[[ Data segment, beginning ]]

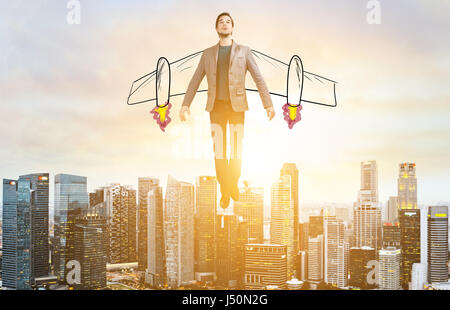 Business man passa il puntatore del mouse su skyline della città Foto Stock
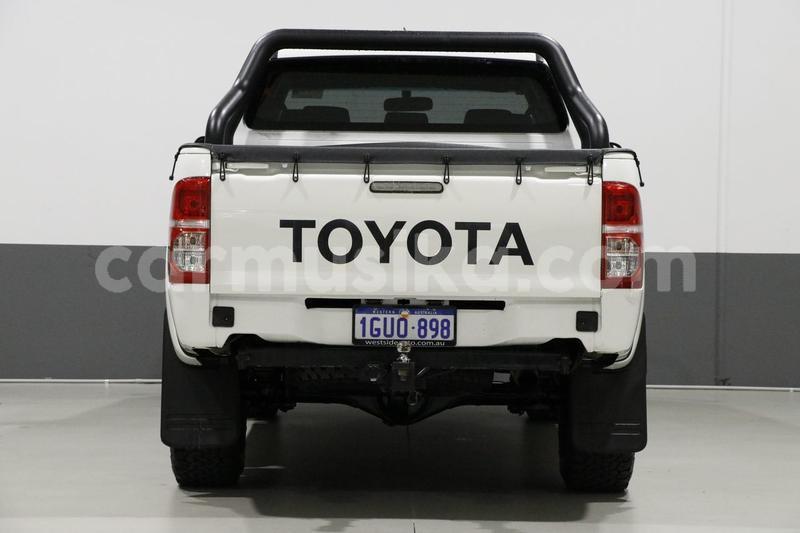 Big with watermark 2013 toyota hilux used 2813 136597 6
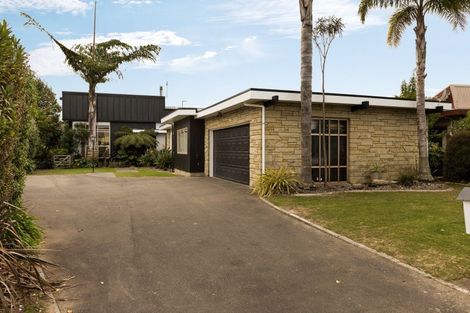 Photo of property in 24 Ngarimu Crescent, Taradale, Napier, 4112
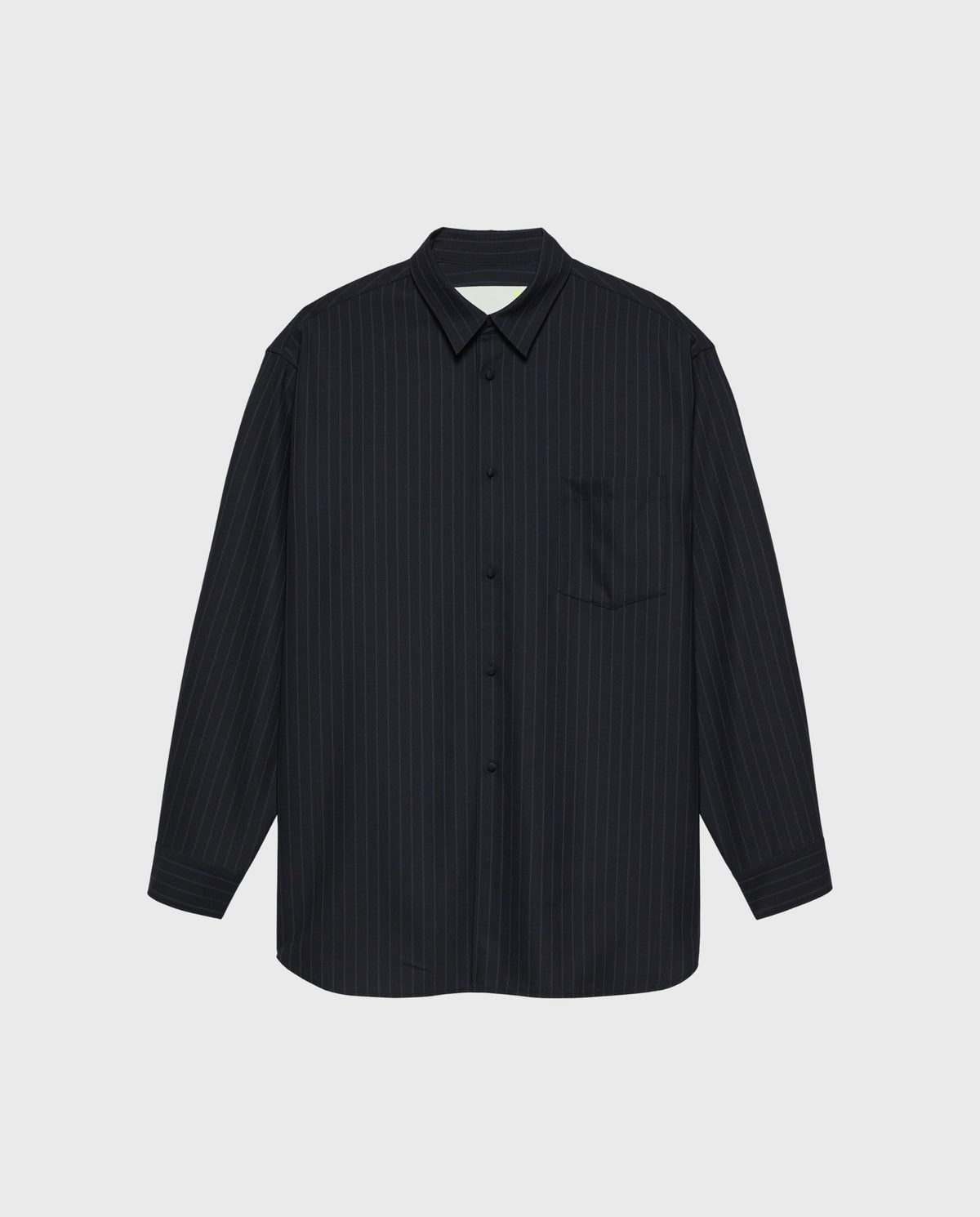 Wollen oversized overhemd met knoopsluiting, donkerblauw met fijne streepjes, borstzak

[[ Data segment, end ]]

Task objective -> Begin at the line containing "Big with watermark" and stop at the last line of the data. Repeat only those lines, exactly, and leave out the pictures.

Exercise answer ->
 Big with watermark 2013 toyota hilux used 2813 136597 6
 Photo of property in 24 Ngarimu Crescent, Taradale, Napier, 4112
 Wollen oversized overhemd met knoopsluiting, donkerblauw met fijne streepjes, borstzak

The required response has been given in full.